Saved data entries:

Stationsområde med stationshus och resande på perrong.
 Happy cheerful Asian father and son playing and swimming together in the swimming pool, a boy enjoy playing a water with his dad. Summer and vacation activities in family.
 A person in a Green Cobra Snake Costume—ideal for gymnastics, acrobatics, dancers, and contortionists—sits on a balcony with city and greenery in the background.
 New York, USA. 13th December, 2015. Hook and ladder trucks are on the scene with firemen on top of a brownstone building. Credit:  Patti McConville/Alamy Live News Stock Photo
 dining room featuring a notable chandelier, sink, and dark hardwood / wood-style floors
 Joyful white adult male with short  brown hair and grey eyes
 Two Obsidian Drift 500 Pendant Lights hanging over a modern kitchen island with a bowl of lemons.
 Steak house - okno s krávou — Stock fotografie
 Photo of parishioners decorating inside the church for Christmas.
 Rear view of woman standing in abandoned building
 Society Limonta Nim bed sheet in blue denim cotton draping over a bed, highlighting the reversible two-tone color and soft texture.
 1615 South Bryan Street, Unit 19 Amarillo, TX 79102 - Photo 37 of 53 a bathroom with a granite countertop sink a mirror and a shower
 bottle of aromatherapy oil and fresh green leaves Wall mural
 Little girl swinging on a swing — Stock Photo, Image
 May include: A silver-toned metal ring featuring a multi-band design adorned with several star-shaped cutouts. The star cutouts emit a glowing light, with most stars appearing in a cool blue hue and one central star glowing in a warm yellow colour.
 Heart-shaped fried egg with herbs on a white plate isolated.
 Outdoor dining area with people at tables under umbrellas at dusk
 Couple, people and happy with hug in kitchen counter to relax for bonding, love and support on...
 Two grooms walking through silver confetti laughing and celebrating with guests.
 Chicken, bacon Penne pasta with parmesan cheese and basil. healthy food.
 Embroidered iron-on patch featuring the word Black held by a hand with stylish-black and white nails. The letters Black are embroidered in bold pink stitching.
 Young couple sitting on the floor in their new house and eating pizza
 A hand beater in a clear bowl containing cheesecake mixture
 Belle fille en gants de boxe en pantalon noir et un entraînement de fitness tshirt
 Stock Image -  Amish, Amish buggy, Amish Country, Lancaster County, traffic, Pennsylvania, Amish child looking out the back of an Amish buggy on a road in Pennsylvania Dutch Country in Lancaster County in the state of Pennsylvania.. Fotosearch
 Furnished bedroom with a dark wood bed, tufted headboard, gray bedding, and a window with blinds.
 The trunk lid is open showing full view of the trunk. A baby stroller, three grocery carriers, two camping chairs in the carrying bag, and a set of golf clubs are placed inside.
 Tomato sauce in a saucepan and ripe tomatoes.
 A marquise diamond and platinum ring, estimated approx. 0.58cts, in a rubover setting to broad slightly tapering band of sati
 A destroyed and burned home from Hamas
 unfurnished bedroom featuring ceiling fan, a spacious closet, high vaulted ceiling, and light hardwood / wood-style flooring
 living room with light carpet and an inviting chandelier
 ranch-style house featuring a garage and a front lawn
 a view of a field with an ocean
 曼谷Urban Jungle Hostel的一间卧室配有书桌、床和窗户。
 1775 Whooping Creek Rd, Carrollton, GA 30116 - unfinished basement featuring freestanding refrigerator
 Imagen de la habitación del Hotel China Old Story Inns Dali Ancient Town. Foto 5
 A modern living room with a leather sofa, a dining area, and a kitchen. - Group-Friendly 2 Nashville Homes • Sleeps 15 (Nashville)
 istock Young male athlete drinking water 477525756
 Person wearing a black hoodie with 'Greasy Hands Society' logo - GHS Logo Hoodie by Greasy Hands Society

→ PROBLEM DETAILS: If a line in the records contains the word "area", copy it out.

→ ANSWER FOR THIS EXERCISE:
 Outdoor dining area with people at tables under umbrellas at dusk
 A modern living room with a leather sofa, a dining area, and a kitchen. - Group-Friendly 2 Nashville Homes • Sleeps 15 (Nashville)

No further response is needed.